1. Give examples to show that:
1. The intersection of two coubtably infinite sets can be finite
2. or it can be countably infinite.
3. The intersection of two uncountable sets can be finite,
4. or it can be countably infinite,
5. or it can be uncountable.
2. Prove that Galilelo was correct when he wrote in 1632 that "There are as many squares as there are numbers, because they are just as numerous as their roots," by showing that there is a 1-1 onto function from {\cal N} = \{0, 1, 2, \ldots \} to the set of all squares of nonnegative integers.
3. In class and in the Sipser book, we defined |A| = |B| if and only if there is a 1-1 onto function f: A \rightarrow B.
Let us also define |A| \leq |B| if and only if there is a 1-1 function f: A \rightarrow B. Let OP be the set of all ordered pairs of integers; i.e., OP = \{(x,y): x, y \in {\cal N} \} . Show that (a) OP is countable, and (b) |OP| \leq | \{ \mbox{all ASCII strings} \} | .

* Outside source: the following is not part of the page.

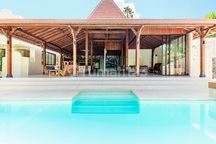 Villa Baru Modern Style Mix Classic Di Mas Ubud ...7 Menit Ke Bebek Tepi Sawah Dan 11 Menit Ke Pison Ubud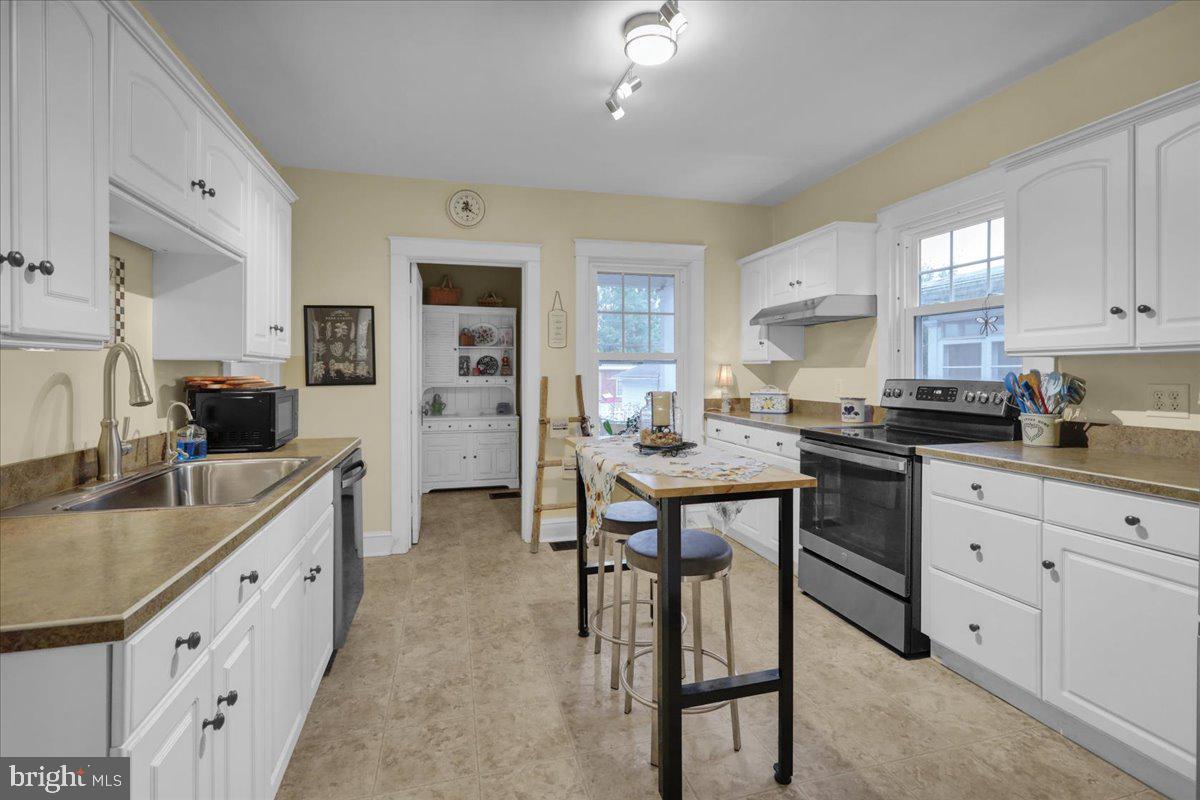 345 Front Street Lititz, PA 17543 - Photo 10 of 27 Gallery Image 10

4. Let L_1 = \{ x^n y^n: n > 0\}. Let L_2 = \{z^n: n > 0\}. For each of the following strings, tell whther it is in L_1 L_2.

a. \varepsilon

b. xxyyzzy

c. xyyzz

d. xxyyzzzz

5. For each of the following languages, give a simple English description of the language, and give two strings in the language and two strings not in the language (unless the language or its complement have fewer than two strings).

a. \{ w \in \{x,y\}^* : \mbox{exactly one prefix of w ends in } y\}

b. \{ w \in \{x,y\}^* : \mbox{all prefixes of w end in } x\}

6. Get JFLAP. Create deterministic finite automata for the following four languages using JFLAP, and turn in your automata using the blackboard. There is a folder with the name Problem Set 2, you can attach and submit your .jff or zipped files through that.
The submission through this folder will close on January 20, 2012 at 12:10 PM sharp.

In all cases the alphabet is {0,1}.

1. All strings containing an even number of 1's, or exactly two 0's.
2. All strings whose length is congruent to 2 mod 3. (That is, when you divide the length by 3, you get remainder 2.)
3. All strings that are either of the form a positive number of 0's followed by a positive number of 1's, or of the form a positive number of 1's followed by a positive number of 0's.
4. All strings not containing the substring 001.

### To obtain JFLAP

Go to the website at URL http://www.jflap.org/.